_ASSIGNMENT:_
Only an exact repetition of the lines from the one holding "Cozinha moderna com" to the end of the data is wanted, with pictures left out.

_RECORDED DATA:_
──────

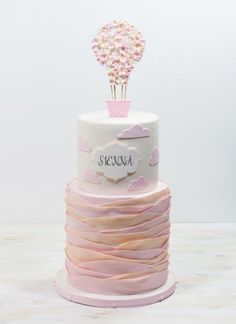 a three tiered cake with baby's breath on top and pink ruffles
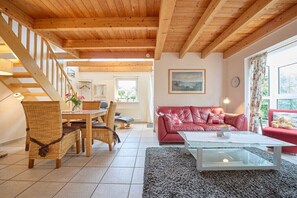 Ein Holzinnenraum mit Treppe, einem roten Sofa, einem Glastisch und einem Essbereich mit Korbstühlen.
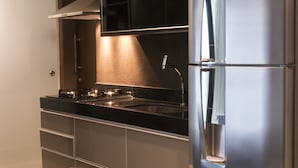 Cozinha moderna com geladeira de aço inoxidável, fogão a gás e forno embutido. Há plantas em vasos sobre o balcão e uma prateleira acima do fogão.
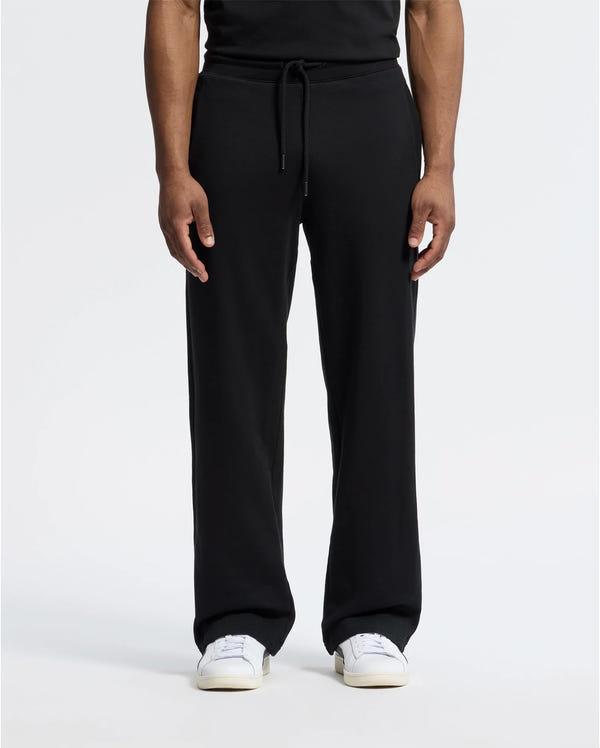 A person stands against a plain white background wearing black Psycho Bunny MENS LYNX WIDE LEG CLASSIC FRENCH TERRY SWEATPANT (B6P379E200) and white sneakers, showcasing the relaxed fit of the French terry fabric. Only the lower half is visible.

──────

_ANSWER FOR THE TASK:_
 Cozinha moderna com geladeira de aço inoxidável, fogão a gás e forno embutido. Há plantas em vasos sobre o balcão e uma prateleira acima do fogão.
 A person stands against a plain white background wearing black Psycho Bunny MENS LYNX WIDE LEG CLASSIC FRENCH TERRY SWEATPANT (B6P379E200) and white sneakers, showcasing the relaxed fit of the French terry fabric. Only the lower half is visible.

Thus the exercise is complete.